Thus was a vote on an amendment by Rep. John Dingell (D-MI) that would have increased funding provided by an agriculture bill for the Food and Drug Administration (FDA) by $49 million. This amendment was offered to legislation providing annual funding for Agriculture Department programs.
Dingell argued that the FDA needed additional funding to guard against outbreaks of food-borne illness: “The amendment sees to it that Food and Drug has the resources it needs to do the job to protect the American people from bad food being imported into the United States. We are able to inspect less than 1 percent of the food coming into the United States. This is a positive risk to the American consuming public….We are here, by this amendment, giving Food and Drug the resources that it needs, some $49 million, to see to it that these imported foods and other foods are safe. This is extremely important. And while you might say, well, I don't know whether it is going to affect me, somebody in this country is going to get sick because bad food came in and because it kills people when that happens.”
Rep. Jack Kingston (R-GA) opposed the amendment: “You have 311 million Americans eating three meals a day. That's 933 million meals eaten each day. That's nearly 1 billion food consumption events in our country, which is over 360 billion meals consumed. If you do the math in going back to the 48 million food-borne illnesses, according to the USDA [United States Department of Agriculture], our food safety rate is 99.99 percent.

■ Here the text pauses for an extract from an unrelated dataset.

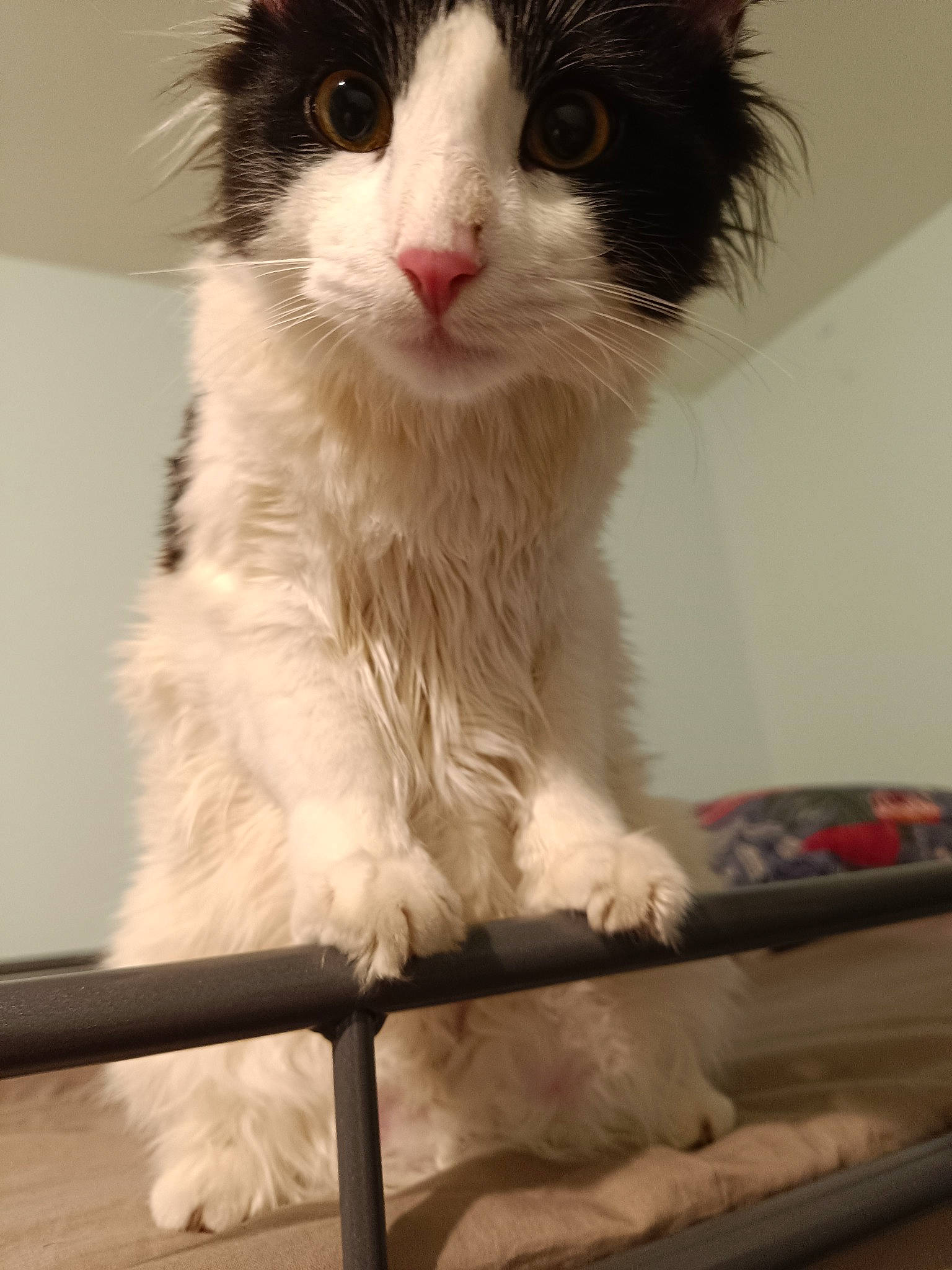 Kepler a rejoint le concours — aidez-le/la à gagner de superbes lots ! carnivore, cat, claw, comfort, domestic_short_haired_cat, felidae, fur, iris, paw, small_to_medium_sized_cats, snout, tail, whiskers, window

I want to address the 48 million, but what I also suggest to you is that we can spend $45 million more for FDA funding; we can spend $100 million more or we can spend $1 billion more, but I don't think you can increase this number of a 99.99 percent food safety rate…So, in these times of very tight budgets, it is very important to keep these facts in mind.”
The House rejected this amendment by a vote of 178-241. Voting “yea” were 171 Democrats and 7 Republicans. 229 Republicans and 12 Democrats voted “nay.” As a result, the House rejected an amendment that would have increased funding provided by an agriculture bill for the Food and Drug Administration (FDA) by $49 million.